Je sens que notre présence ici n'est plus tenable. Ignorant encore les dernières consignes, je contacte la délégation suisse. Le message est clair: «Départ immédiat pour Ismaïlia. Prévenez les autres.» Mission délicate quand la discrétion est de mise. Je parviens à alerter les Grecs, mais l'atmosphère devient pesante. Les réceptionnistes échangent des regards inquiets. «Il paraît que la police va arriver bientôt», me chuchote la déléguée italienne. La phrase me glace le sang.
7ème étage. Ascenseur en panne. Dans ma précipitation, je commets l'erreur de parler à un Espagnol au look de marcheur qui discutait depuis un moment avec un autre backpacker, je lance un discret «We need to move.» Sa réaction est immédiate: il alerte le réceptionniste en me désignant. Piégé. Il s'agit de policiers en civil. Je suis sous le choc.
13h00 - La fuite
Je dévale les escaliers en tongs, manquant de tomber à plusieurs reprises. Mon cœur bat la chamade. Une pensée m'obsède: les autres vont-ils se faire arrêter à cause de moi?
Je m'enfonce dans les ruelles du Caire, change rapidement de tenue et tente de disparaître. Il me faut un taxi pour Ismaïlia, à 160 km. Le premier chauffeur ne connaît pas le chemin et me partage son WiFi. À peine parti, un nouveau message arrive: «Blocus en place. Ne venez plus.» Je ressors du taxi. Chaos total. Mon eSIM ne fonctionne pas. Après une heure de galère, je trouve enfin une carte SIM locale. Les instructions sont formelles: tenter le passage malgré tout.
14h00 - Le piège d'Ismaïlia
Nouveau taxi, trouvé, le trajet se déroule étrangement bien: nous franchissons deux check-points sans encombre, alors que j'aperçois d'autres manifestants qui se font interpeller sur le bas-côté.
Ismaïlia est un leurre.

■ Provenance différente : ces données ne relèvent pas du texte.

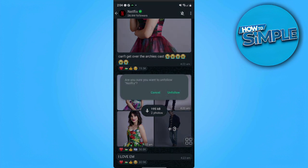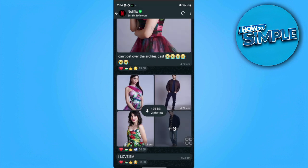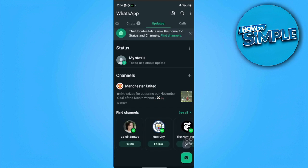Confirm that you want to unfollow. And as you can see, if you go back, the Netflix channel is removed. That is how to remove a channel on WhatsApp.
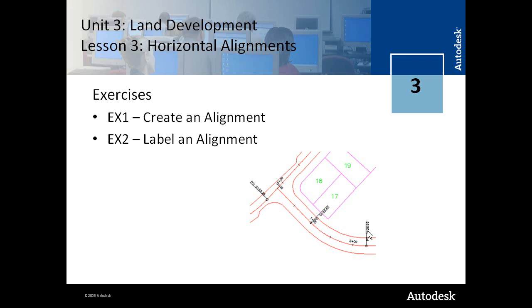Lesson 3 in Unit 3 addresses horizontal alignment creation and specifically introduces the concept of alignments and discusses alignments in the context of a subdivision design. Typically, your alignments in subdivision designs are going to be simpler geometry than full highway designs. They are often times created by offsetting right of way or parcel fabric.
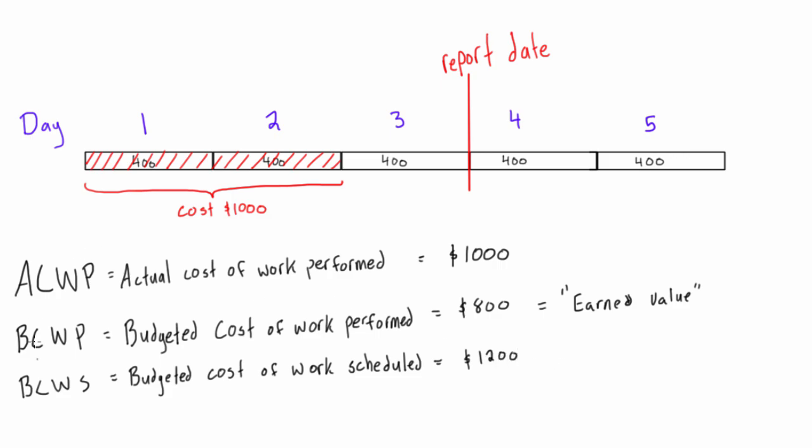So like I said, we'll be using these three definitions lots in the next couple of videos, and we will be able to use them to figure out if projects are ahead of schedule, behind schedule, over budget, or under budget. So I will see you in the next video, and we will start learning how to do all that.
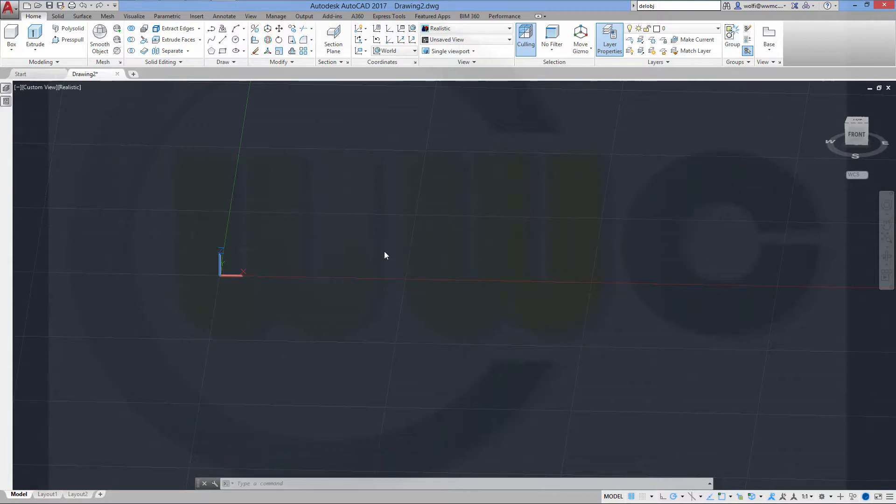Hi, welcome to an AutoCAD 2017 video tutorial. I want to create this spiral cable in AutoCAD.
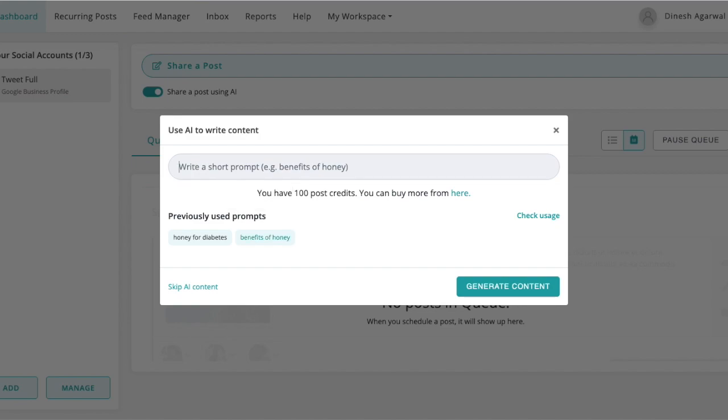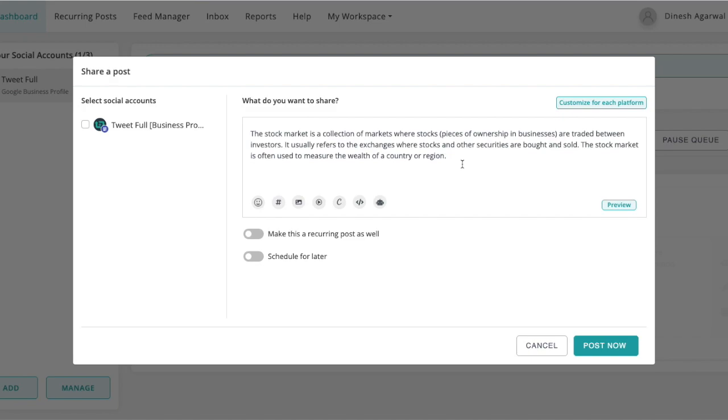Let's say we type market in the United States. This is what it produced: The stock market is a collection of markets where stocks are traded with investors. If you don't like this, you can always click on add AI content and give it a prompt again.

Les autorités, qui nous ont infiltrés de toutes parts, ont donné l'ordre: aucun étranger ne passera. La ville est officiellement fermée pour une semaine. On nous confisque nos passeports, promettant de nous les rendre si nous rebroussons chemin jusqu'au check point 2. Nous n'avons pas le choix: nous ne nous approcherons pas davantage de nos frères et sœurs palestiniens, l'étau se resserre.
Un militant pro-humanité britannique a plus d'humanité et de courage que l'ensemble des gouvernements arabes.

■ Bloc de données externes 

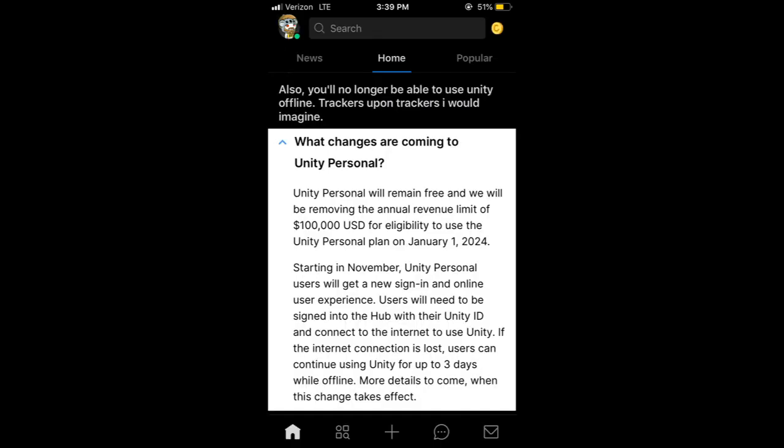Another major change is you're not going to be able to use Unity offline. You can use it offline for up to three days, then you need to reconnect to the internet, which is really stupid. They're really cracking down. I don't know if they're losing money or something, or if people are pirating Unity. I think Unity is free, and you just have to pay a subscription after, like, a 30-day trial or something.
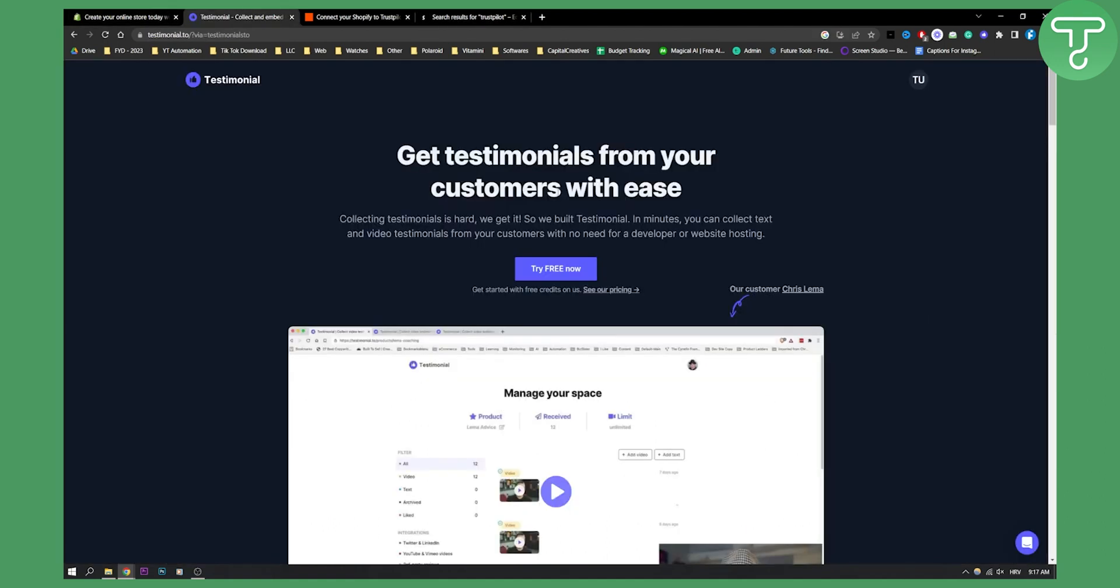But other than that, you cannot do much with it because it's just not available right now. The app of Trustpilot is not available. I don't know what's the issue with it, but hopefully it will be available soon.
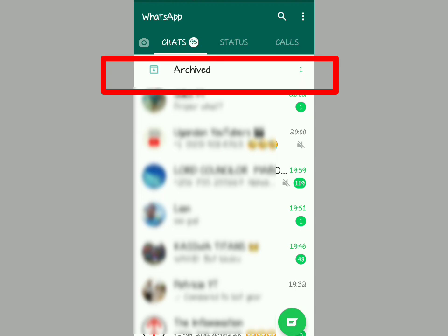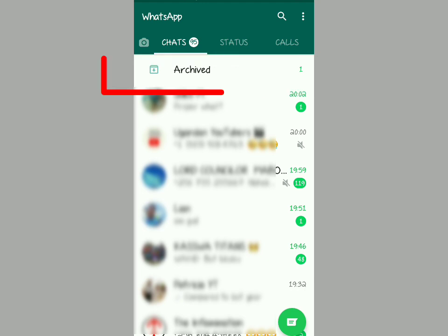In this video, I'm going to try to remove the archived box on top of your WhatsApp screenshots. You open your WhatsApp and this pops up on top of your screen, just like that. It can be irritating to some people and disturbing. So in this video, I'm going to show you how to make sure that you remove it so that you don't get disturbed anymore.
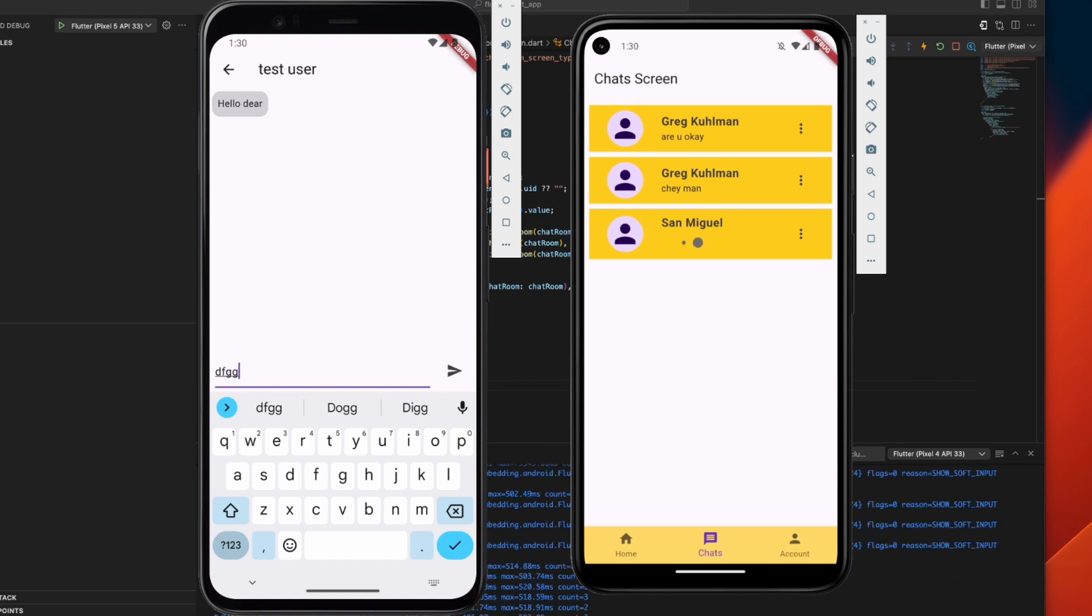I won't be coding this live since everyone has their own coding style and state management preferences. Instead, I'll guide you through the relevant code so you can understand the concept and implement it in your own style.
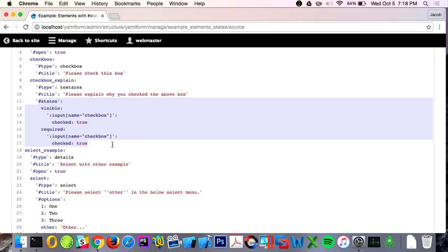One thing that's worked out is I can parse the States API definition, and I'm planning to add server-side conditional logic as well.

Environ mille marcheurs sont parvenus au check point 2, sur les trois mille initialement mobilisés. Les autres ont été interceptés: à l'aéroport, dans les hôtels, dans les rues ou directement dans leur taxi. La stratégie égyptienne est implacable: diviser, fracturer pour mieux réprimer. Ils ont bien compris que notre force résidait dans notre unité, et ils ne peuvent le tolérer.
Entre-temps, après plus de six semaines d'attente, l'Égypte a officiellement refusé notre demande de manifester. Une évidence depuis le début. Mais le gouvernement fantoche et dictatorial de Sissi joue un double jeu: il ne peut politiquement pas se montrer trop hostile envers ceux qui défendent les Palestiniens, mais, de facto suit ou se plie aux ordres américains et israéliens. Une première victoire de notre mobilisation aura été de le forcer à montrer son vrai visage.

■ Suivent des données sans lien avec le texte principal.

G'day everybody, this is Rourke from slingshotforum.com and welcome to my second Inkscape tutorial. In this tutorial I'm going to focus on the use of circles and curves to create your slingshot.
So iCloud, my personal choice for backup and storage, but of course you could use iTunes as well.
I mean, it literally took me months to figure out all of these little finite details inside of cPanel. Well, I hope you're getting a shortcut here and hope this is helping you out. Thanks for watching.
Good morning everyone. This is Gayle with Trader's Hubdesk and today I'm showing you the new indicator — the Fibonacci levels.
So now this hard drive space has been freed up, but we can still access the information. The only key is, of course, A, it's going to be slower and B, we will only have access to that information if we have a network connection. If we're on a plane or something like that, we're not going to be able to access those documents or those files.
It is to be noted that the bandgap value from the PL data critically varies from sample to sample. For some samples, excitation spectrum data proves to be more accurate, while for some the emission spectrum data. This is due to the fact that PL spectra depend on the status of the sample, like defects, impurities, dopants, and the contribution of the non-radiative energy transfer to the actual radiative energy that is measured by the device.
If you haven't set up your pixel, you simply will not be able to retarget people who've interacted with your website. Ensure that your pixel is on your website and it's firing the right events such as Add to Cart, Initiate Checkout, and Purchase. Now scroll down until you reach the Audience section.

La résistance et la répression
Au milieu de cette épreuve, une joie pure nous envahit soudain. La magie de ces retrouvailles: nous sommes unis par le même refus de l'injustice. Nos regards se croisent, nos mains se serrent, nos sourires se partagent - à cet instant, nous ne formons plus qu'un seul corps, une seule voix face à l'oppression:
Les organisateurs proposent deux choix: rester et résister ou marcher vers le check-point 1 pour rejoindre les 300 marcheurs bloqués là-bas. Je suggère à la foule de dialoguer par délégation et de nommer un représentant pour harmoniser nos positions. Nous devons rester unis.
Après trente minutes de discussion au sein de la délégation suisse - 83 ressortissants, l'une des plus grande -, on nous informe que les marcheurs du check-point 1 ont été arrêtés et déportés. Ils se trouvaient de toute façon à 35 km, soit plus de huit heures de marche. Nous décidons donc de rester.
Très vite, nous comprenons que les autorités ont tranché: nous expulser de ce lieu où, pourtant, nous ne dérangeons personne. L'image n'est pas glorieuse pour eux. Leur complicité dans le génocide trop flagrante.
La fin du bastion
Depuis le début, la stratégie égyptienne est bien rodée, et franchement intelligente: nous empêcher de nous regrouper, nous fragmenter. Ils ont compris que nous n'existons qu'à travers l'addition de nos humanités.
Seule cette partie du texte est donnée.